Corretto no, ma realistico?
Se 193 Paesi del mondo sono a favore della soluzione dei due Stati e Israele no, non ci sono molte alternative. O questi 193 Paesi non contano. O possono indurre Israele a rispettare il diritto internazionale. In caso contrario, Israele continuerebbe a essere uno Stato che agisce al di fuori del suo quadro normativo. La soluzione dei due Stati non fa piena giustizia al popolo palestinese. È un compromesso che il popolo palestinese, rappresentato dall’Olp, ha accettato con coraggio. Compromesso che assicurerebbe la conclusione dell’occupazione israeliana e la creazione di uno Stato piccolo ma indipendente, entro i confini del 1967. E mi creda che accettare uno Stato palestinese che si estende per il 22 per cento del territorio della Palestina storica, è stato davvero un compromesso doloroso e grande per ottenere la pace che i nostri popoli meritano. Ma se Israele continuerà a rifiutare questa soluzione, si dovrà ricorrere ad altre alternative, per esempio all’originario Piano di partizione approvato dall’Onu nel 1947, che assegna al popolo palestinese il 46 per cento del territorio.

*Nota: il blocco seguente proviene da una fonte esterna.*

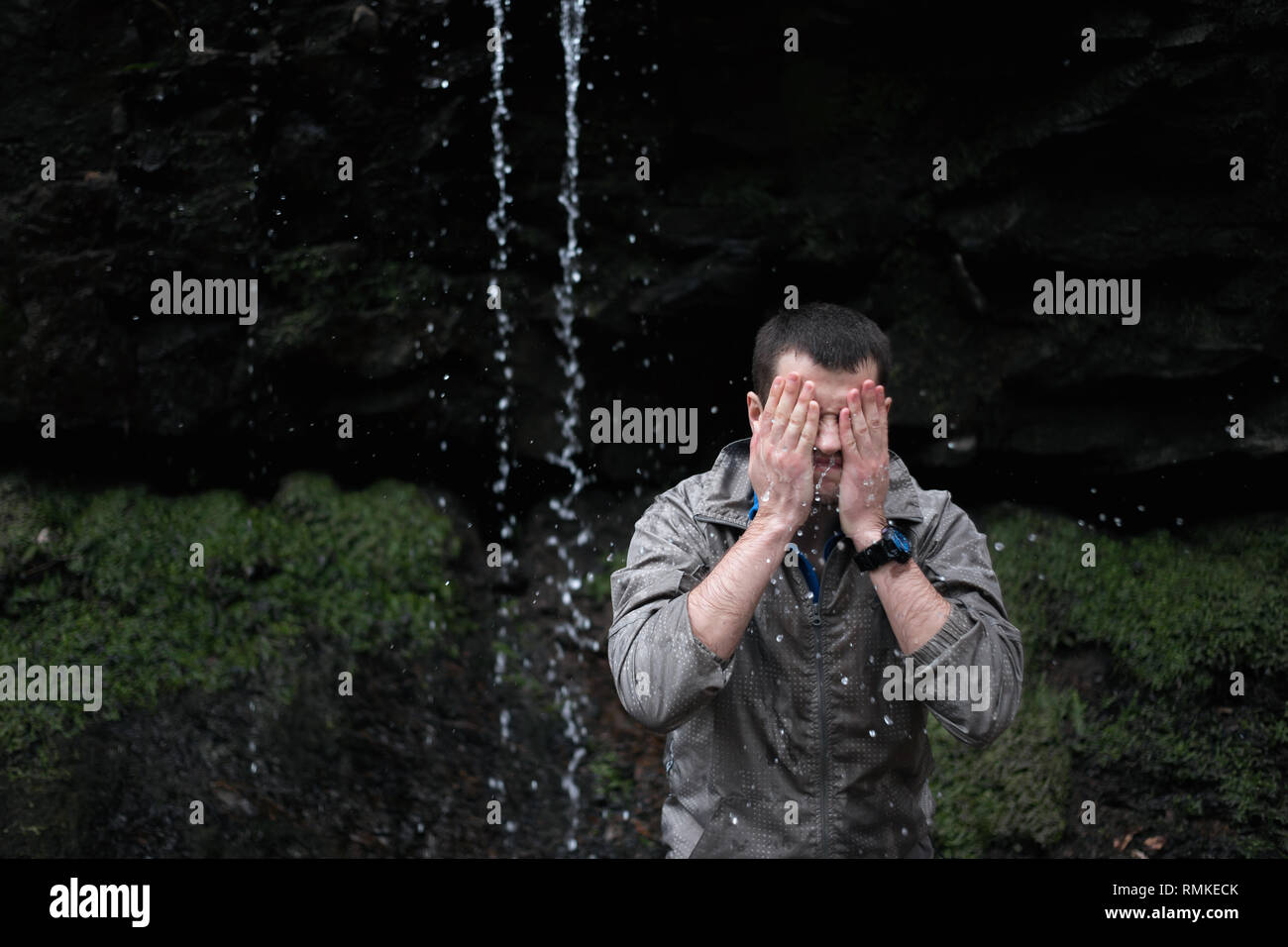 Giovane uomo russo escursionismo in Sochi Parco Nazionale: rinfrescante sotto la cascata Foto Stock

La soluzione dello Stato unico potrebbe essere un’alternativa?
Se Israele rende impraticabile la soluzione dei due Stati, lo Stato unico diventa di fatto un’alternativa. Questo dovrebbe essere uno Stato democratico in cui tutte le persone dal Mediterraneo al Giordano possono votare. Altrimenti sarebbe uno Stato repressivo nel quale un gruppo domina su un altro, come sta avvenendo nei territori palestinesi occupati, la cui realtà, a fronte dell’illegale occupazione permanente, a ragione viene diffusamente descritta come un sistema di apartheid. La comunità internazionale non tollererà il crimine di apartheid, e non lo faremo neppure noi.
Con tutto l’odio, il dolore e il fanatismo a cui assistiamo da ambo le parti, una soluzione del conflitto è molto difficile da immaginare. Da cosa trae le sue speranze?

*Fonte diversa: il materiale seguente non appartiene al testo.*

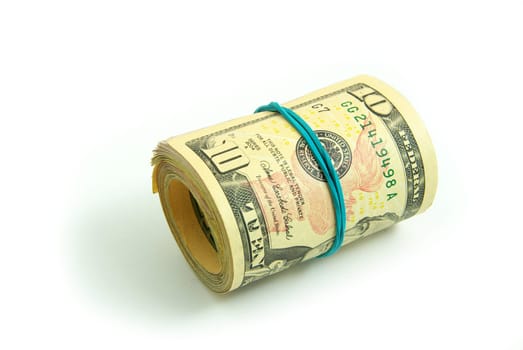 Roll of dollars close-up against white background.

Germania e Francia erano nemici secolari fino a quando, dopo la seconda guerra mondiale, si risolsero a coesistere. A volte occorre scendere a compromessi per il futuro e per il bene delle generazioni successive. Dobbiamo uscire dal vicolo cieco del conflitto e della vendetta. Fintantoché - tolto Israele - c’è consenso sulla soluzione dei due Stati, credo che questa sia possibile. Siamo pronti a firmare un accordo di pace che metta la parola fine alla guerra. Spero Israele se ne renda conto prima che sia troppo tardi.
Riyad al-Maliki (1955), ingegnere civile qualificato e docente universitario, dal 2007 è ministro degli Affari esteri dei territori autonomi palestinesi.